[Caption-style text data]

———

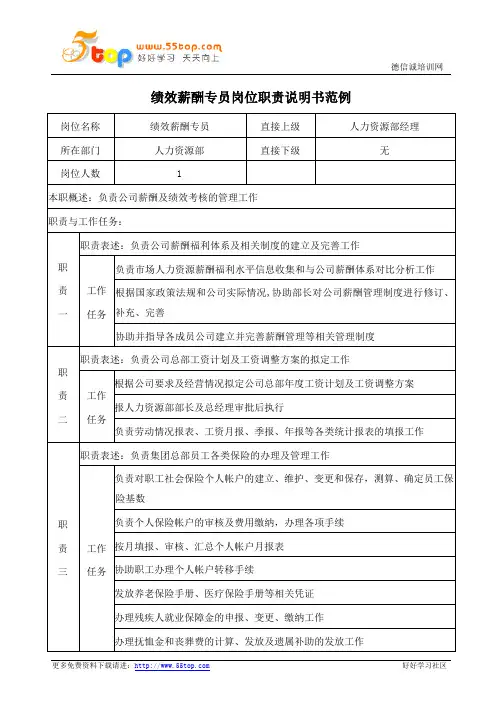绩效薪酬专员岗位职责说明书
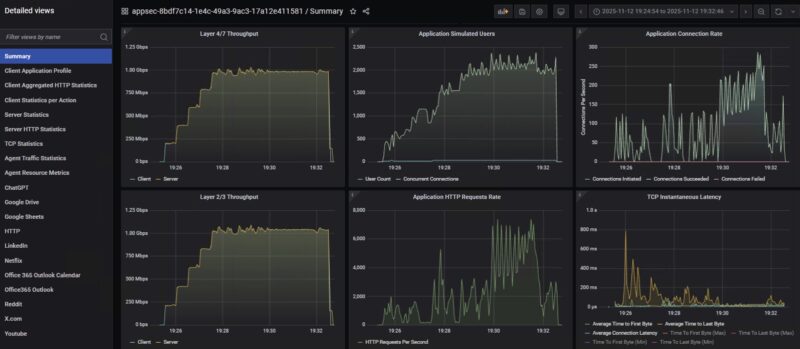 STH CyPerf 11 App Gateway Mix Throughput TP Link BE3600 Wired Connection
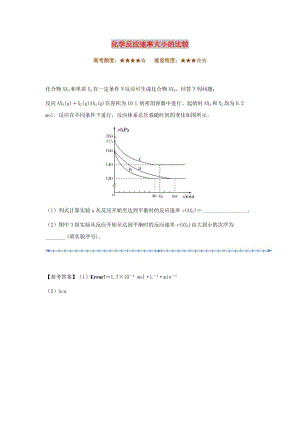 2018-2019學(xué)年高中化學(xué)（期末復(fù)習(xí)備考）每日一題 化學(xué)反應(yīng)速率大小的比較（含解析）新人教版選修4.doc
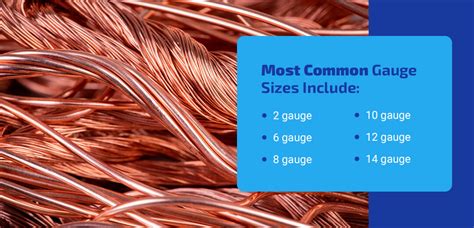 Understanding the Difference Between 2 AWG & 2/0 AWG Wires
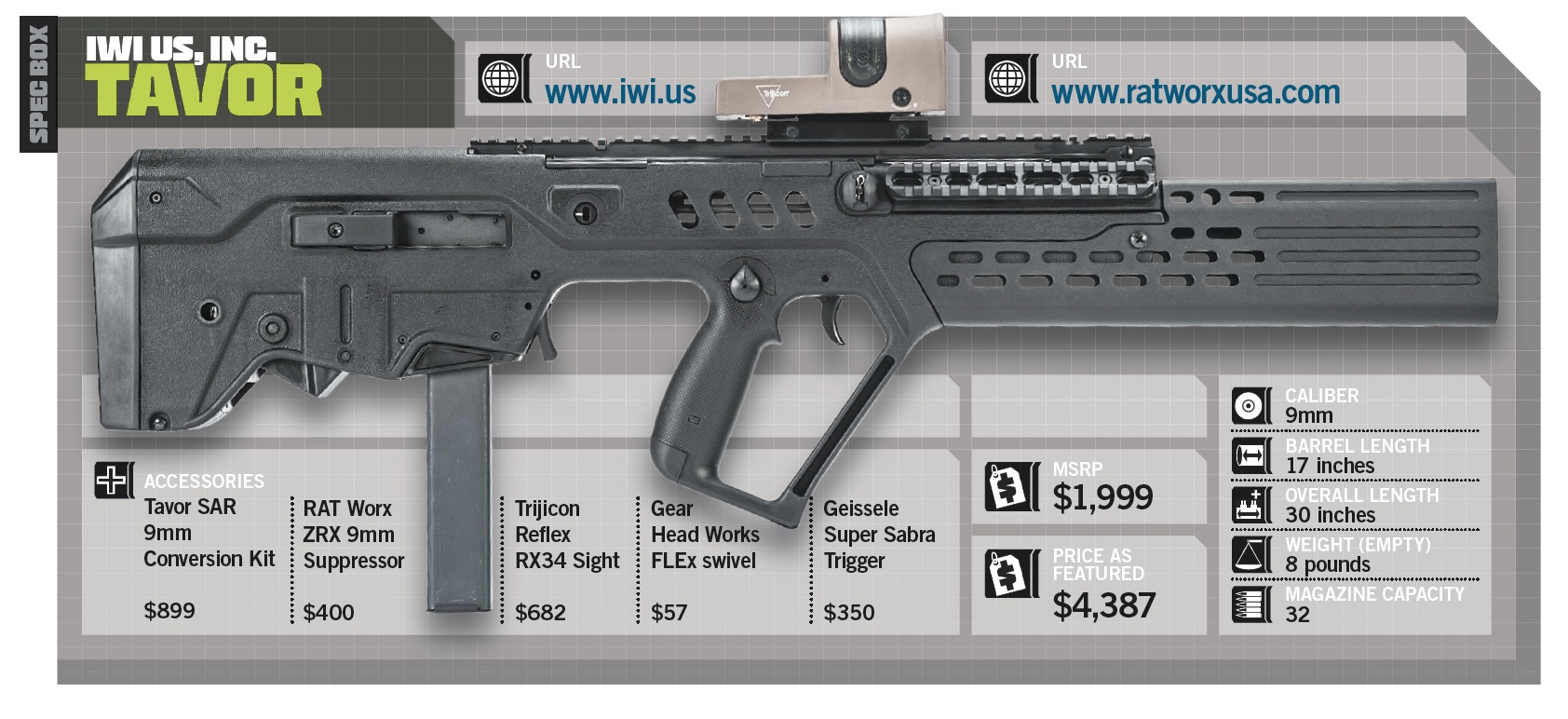 Rat worx tavor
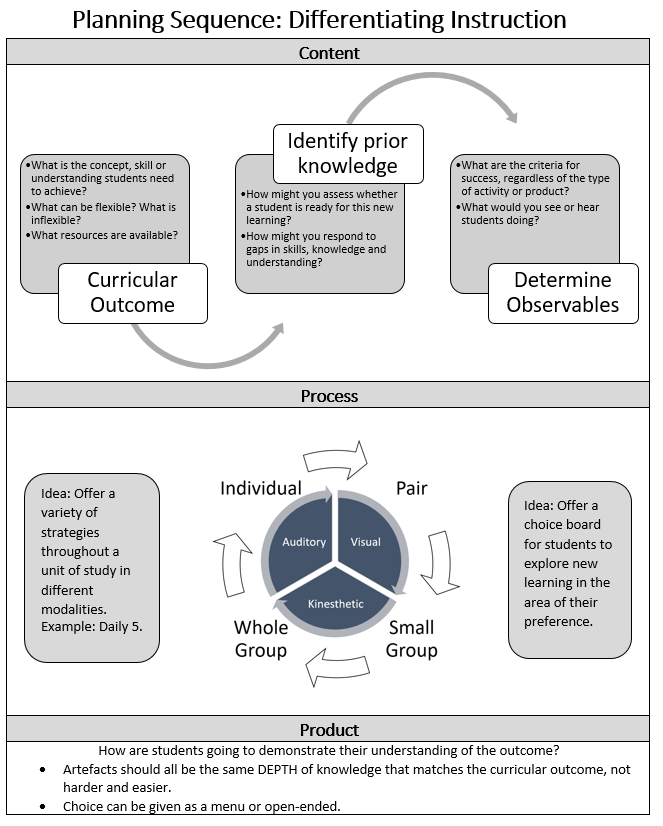 Planning Differentiation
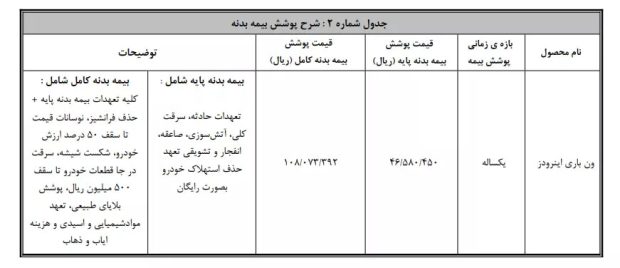 شرایط فروش ون باری اینرودز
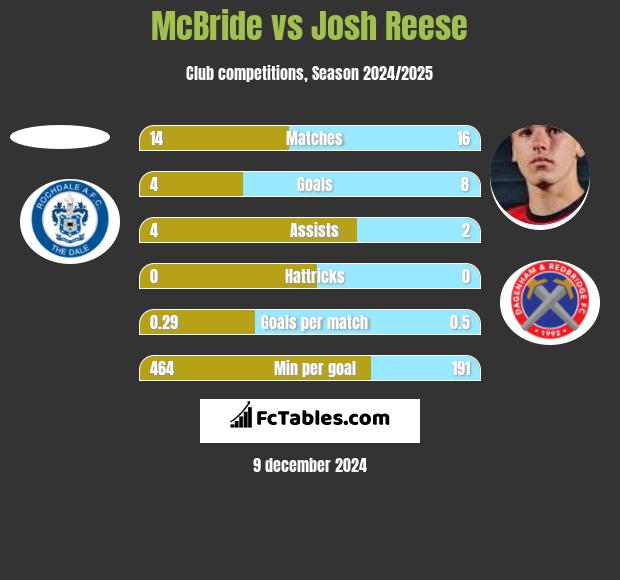 McBride vs Josh Reese h2h player stats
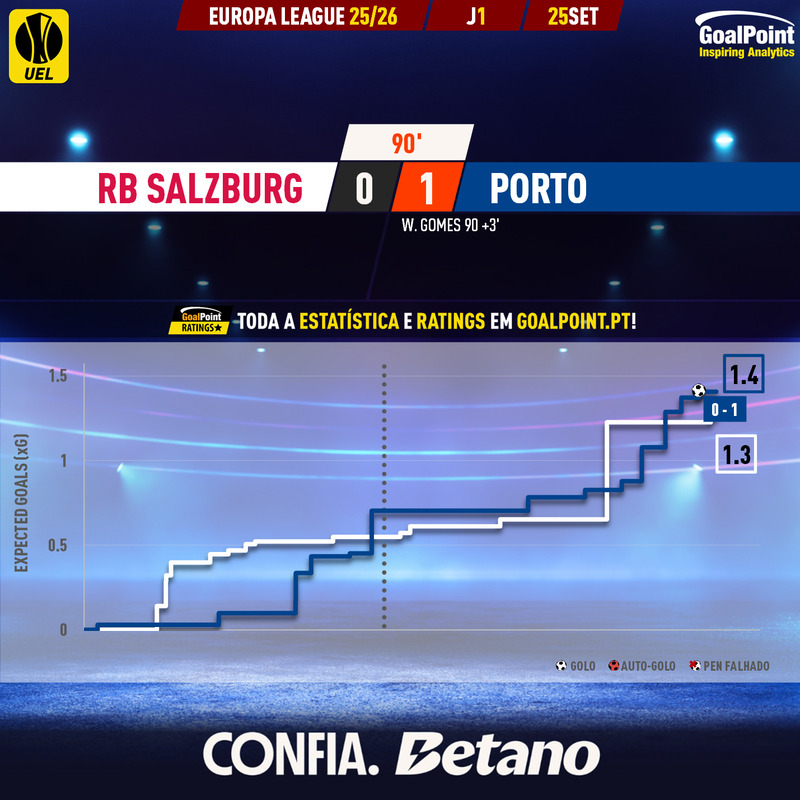 GoalPoint-2025-09-25-RB-Salzburg-Porto-Europa-League-202526-xG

———

▸ **About this exercise**
Where the line containing "شرایط فروش ون باری اینرودز" appears above, start there and set down each line exactly through the last line of the data; leave out every picture.

▸ **Task answer**
 شرایط فروش ون باری اینرودز
 McBride vs Josh Reese h2h player stats
 GoalPoint-2025-09-25-RB-Salzburg-Porto-Europa-League-202526-xG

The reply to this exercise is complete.